You can see it for yourself as you walk down Market Street. The market returned in the last month or so of the gloomy pandemic winter when everything was locked down and Market Street looked like the main street of a ghost town. Now, in summer, the street makes a comeback.

You could start, as I did, with the Ferry Building, which has been restored to its former glory with shops and restaurants. It is the centerpiece of a large open and sunny place. You can stand there and look up Market Street, the redeveloped One Market building on one side, the Hyatt Regency on the other. A vintage streetcar, sporting a small American flag, whines around the turn of Steuart Street and heads for the upscale neighborhoods. A tourist bus loads the first tourists of the season. Sounds like the start of something big.

But still look. On Spear Street, just two blocks from Market, there was a small flower stand, built to look like a small Muni bus. It was cute and busy. But he did not survive the confinement. Now it’s closed, covered in graffiti. A label says “SANFRAN PSYCHO”. The ruined flower stand is next to the Federal Reserve Bank of San Francisco entrance at 101 Market. The California Street cable car line ends across the street.

In Market, Bush and Battery is the Mechanics Monument, figures of iron men working on a mechanical press, the work of sculptor Douglas Tilden, who was deaf but never let his disability hinder his talent. It is one of three huge monuments in Tilden erected to beautify Market Street at the turn of the 20th century.

Much of the old Market Street still survives – the golden Lotta Fountain in Market, Kearny and Geary, the Flood Building in Powell, the renovated Westfield San Francisco Center on the south side of Market, which once housed the famous Emporium Department. shop.

But the core of Market Street retail is in transition, to put it mildly. The streets have been battered by both the pandemic and the shift to internet shopping. There are open stores alongside closed stores. Forever 21 did not last forever in Stockton and Market; across the street, flags fly bravely at Old Navy. You get a pretty mixed message, like an official opening closing sale.

But there is more than one Market Street. It changes at Fifth Street. From Fifth to just beyond the Civic Center Market Street is a failure in San Francisco.

The street is gloomy and dirty. People who have a place to go walk fast like they’re late for a date. People who have nowhere to go walk slowly or sprawl out onto the sidewalk of the city’s main street.

Market Street has risen and fallen with the tides of history. No one was ever happy with the way things were, even generations ago, and plans have come and gone as the city’s best civic minds tinkered with the streets. The last big change came in 2020 when private cars were banned in much of the market. Other plans were in preparation. Then the pandemic struck. Reality is what you see now.

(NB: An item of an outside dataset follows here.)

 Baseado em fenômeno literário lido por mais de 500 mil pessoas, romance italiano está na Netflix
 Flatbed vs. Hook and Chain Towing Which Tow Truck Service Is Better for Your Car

I walked up the difficult blocks of the market to the United Nations Plaza, dedicated to the founding of the UN in San Francisco in 1945. There is a fountain there and words are written on the sidewalk about hopes of global peace and justice.

It was a gray Tuesday and a line of hopeful people were waiting to receive free food distributed by two nuns from Fraternité Notre Dame. The line was moving slowly. It was almost festive: people lining up were in good spirits as seagulls and pigeons scurried, hoping for leftovers. “Thank you. God bless you,” a man said to one of the nuns.

Across the street is a boarded up CVS pharmacy. It opened a few years ago, bringing new hope to the corner of Seventh and Market. But it was too hard there, too many drug addicts, too much crime. There is a splendid view of the Town Hall from this corner.

I moved on. The market has changed again: new condos on the south side of the market not far from Twitter’s head office in the old Merchandise Mart. Twitter was invented in San Francisco and technology changed the world.

I walked to Van Ness Avenue and got on a streetcar painted in the colors of the old Muni – “the green torpedoes,” the ancients called them – and hiked the rest of the way to Castro Street, where I took a bus. I noticed a farmers’ market a block away on the north side of Noe and Market, and a feeling of rapid prosperity in the Upper Market. A very different world. This is Market Street for you.